Additionally, graphics may be provided to enhance the visual indication of the ball or strike. For example, the strike zone may be displayed on the capture device 160 and/or other associated display devices as a pane of glass which shatters if a pitched ball was a strike. Other graphical enhancements may include displaying the pitched ball as a missile, and the display showing the zone blowing up for pitched ball was a strike. A variety of other graphical enhancements are contemplated.
Adjust Confidence Threshold for Identifying a Pitched Ball and/or Home Plate
For each video frame analyzed, BLU may have a predetermined confidence threshold with which a pitched ball and/or home plate are identified within that video frame. Where the confidence threshold is low, BLU is more likely to identify a pitched ball and/or home plate within a video frame, but the chances are greater that BLU will make a mistake in identifying a pitched ball and/or home plate. Alternatively, where the confidence threshold is high, BLU is less likely to identify a pitched ball and/or home plate within a video frame, but the chances are less that BLU will make a mistake in identifying a pitched ball and/or home plate. End users may be given the option to adjust the confidence threshold as desired. In further aspects of the present technology, the BLU application may also return a confidence level with which a pitched ball and/or home plate are identified within a given video frame. Such a confidence level may be displayed for example as a percentage on the image capture device 160.
In embodiments, the BLU application is configured to make ball/strike calls at a field 150 in real time, i.e., as a pitch happens. However, in further embodiments described above, an image capture device 160 may be set up to view video of a game, for example displayed on a TV remote from the field. In such embodiments, the BLU application may operate as described above to detect home plate and a pitched ball from the video of the video, and determine whether the pitched ball from the video is a ball or strike. Using the BLU application in this way allows users to review video of pitches after a game or otherwise after they occur to determine whether they were correctly called as a ball or strike. Using the BLU application this way also allows users to independently call balls and strikes as they are watching a video broadcast of pitches during a game or otherwise.

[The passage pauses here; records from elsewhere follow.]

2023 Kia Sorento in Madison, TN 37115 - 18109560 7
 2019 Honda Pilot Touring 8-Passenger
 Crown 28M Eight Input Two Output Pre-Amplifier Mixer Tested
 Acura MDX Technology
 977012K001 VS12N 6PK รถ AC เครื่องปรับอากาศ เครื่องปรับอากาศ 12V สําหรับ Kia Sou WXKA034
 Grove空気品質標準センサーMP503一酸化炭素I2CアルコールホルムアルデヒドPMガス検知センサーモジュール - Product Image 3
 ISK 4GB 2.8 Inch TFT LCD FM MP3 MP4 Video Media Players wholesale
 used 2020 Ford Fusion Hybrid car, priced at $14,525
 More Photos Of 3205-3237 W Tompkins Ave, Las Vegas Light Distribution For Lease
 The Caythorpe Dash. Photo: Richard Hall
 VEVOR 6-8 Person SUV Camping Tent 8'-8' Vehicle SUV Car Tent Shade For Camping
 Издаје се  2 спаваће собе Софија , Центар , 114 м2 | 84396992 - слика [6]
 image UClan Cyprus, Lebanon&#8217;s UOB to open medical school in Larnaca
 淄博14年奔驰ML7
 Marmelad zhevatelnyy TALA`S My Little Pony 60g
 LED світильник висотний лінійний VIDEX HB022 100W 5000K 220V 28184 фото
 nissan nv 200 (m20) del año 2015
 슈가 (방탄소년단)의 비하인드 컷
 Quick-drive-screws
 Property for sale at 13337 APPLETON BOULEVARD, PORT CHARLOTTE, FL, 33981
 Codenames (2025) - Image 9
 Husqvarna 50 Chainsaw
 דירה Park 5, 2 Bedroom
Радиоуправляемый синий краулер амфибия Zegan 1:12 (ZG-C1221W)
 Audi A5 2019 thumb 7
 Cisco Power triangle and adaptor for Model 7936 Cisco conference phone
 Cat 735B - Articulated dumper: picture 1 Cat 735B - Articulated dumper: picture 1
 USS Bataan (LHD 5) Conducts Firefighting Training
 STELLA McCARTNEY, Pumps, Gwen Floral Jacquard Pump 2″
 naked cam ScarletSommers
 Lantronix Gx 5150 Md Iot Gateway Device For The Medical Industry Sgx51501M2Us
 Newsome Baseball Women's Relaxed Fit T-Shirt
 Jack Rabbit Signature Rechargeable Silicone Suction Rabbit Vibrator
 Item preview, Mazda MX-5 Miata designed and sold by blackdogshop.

As described above, the training phase uses a large number of video images to teach BLU to identify a ball and home plate under a wide variety of conditions. As described above, the BLU application may perform a calibration step 251 where a 3D map of the field may be formed. Additionally, in a further aspect of the present technology described above, upon arriving at a field, video of the field, warm up pitches, player uniforms, etc. may be captured and uploaded to the model responsible for training BLU. These uploaded images may be used to further train BLU, in real time, and to hone BLU's ability to identify a ball and home plate at the actual field on which the BLU application is to be used. Once further trained on the specific field, the updated version of BLU may be accessed from the server and, possibly, downloaded to the image capture device 160 for use during the game at that field.
Many leagues have pitch count limits. For example, in most little leagues, if a pitcher pitches a first number of pitches, the pitcher cannot pitch for a first number of days, if the pitcher pitches a second greater number of pitches, the pitcher cannot pitch for a second greater number of days, etc. In a further embodiment, the BLU application can identify a pitcher (or at least distinguish a first pitcher from a second pitcher from a third pitcher, etc.), and can keep track of the number of pitches that each pitcher has thrown. This information may be made available to coaches and/or league officials. The BLU application can also be trained with the specific pitch limits for specific leagues, and can prompt a coach which a pitcher is approaching his or her pitch limit for that league.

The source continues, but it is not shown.